We’ve all been there: we believe we have had a great conversation with the prospect. Then they carry on using their current supplier.
The prospect asked all the right questions. They seemed genuinely interested in your company. They were carefully noting all the good ideas that you came up with.
Some print salespeople believe that this sort of questioning from a prospect is a great buying sign. However, many buyers will ask these questions from suppliers they have no intention of using. It is simply part of their research process. Then they stick with their current supplier.
That’s why print sales people needs to understand the prospect’s buying process
Sales people who research the prospect’s buying process will have much more control over the sales process. They will know when to continue a conversation and when they are wasting their time. They will be able to focus on creating worthwhile relationships. These sales people are the most likely to achieve their sales targets.
Sales people who fail to research the prospect’s buying process may well struggle to achieve their sales targets. It is the buyer who will control the sales process. The salesperson may think they are creating a great relationship but, in actual fact, the buyer may well be treating them as a commodity supplier.

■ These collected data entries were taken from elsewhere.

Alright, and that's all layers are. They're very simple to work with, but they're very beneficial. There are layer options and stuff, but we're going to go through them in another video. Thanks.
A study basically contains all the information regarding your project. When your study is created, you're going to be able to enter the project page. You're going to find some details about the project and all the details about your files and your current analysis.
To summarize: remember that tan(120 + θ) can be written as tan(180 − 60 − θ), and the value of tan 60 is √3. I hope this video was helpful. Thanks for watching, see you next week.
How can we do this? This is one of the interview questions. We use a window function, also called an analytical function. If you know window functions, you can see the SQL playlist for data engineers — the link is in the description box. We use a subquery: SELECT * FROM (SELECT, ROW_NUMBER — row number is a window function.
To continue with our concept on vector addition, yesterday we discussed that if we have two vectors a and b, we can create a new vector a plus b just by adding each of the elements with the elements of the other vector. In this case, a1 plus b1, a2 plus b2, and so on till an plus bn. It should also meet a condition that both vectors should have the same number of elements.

So how do you avoid this situation? Here are three questions you should be asking.
Ask why the prospect is speaking to you
You need to understand why you are having a conversation with the prospect. Is it worth your while to spend time on the conversation? Or does the prospect have no intention of ever placing any work with you?
If you ask a prospect directly why they are speaking to you, you will often get a good idea of how serious they are. You need to be wary if the prospect waffles on about always being interested in a chat with a supplier. But it’s a great sign if they mention a specific issue for which they need a supplier.
That’s when you can move onto the next question.
Ask the prospect about their buying process
You need to understand the stages that someone is going through to make their purchasing decision. Will you need to complete a supplier audit? Are there specific buying stages that you need to complete?
Sometimes you end up in lengthy conversations while not going through the buying process. Then you need to be asking questions.
Here’s a direct question you can use.
Ask what you need to do to get the work
This is a very direct question. But it can be very effective. If the prospect is telling you that you will win work if you go through certain processes, you can hold them to this later. In effect, you are making a verbal agreement. You should remind the buyer of this if they fail to stick to their side of the bargain.
Some print sales people may feel that these questions will achieve little.
Why should a prospect tell me the truth?
You may be surprised at how many buyers are open and honest! Naturally, not all buyers are like this. But you will get a good idea from their answers to these questions about whether they are serious about dealing with you.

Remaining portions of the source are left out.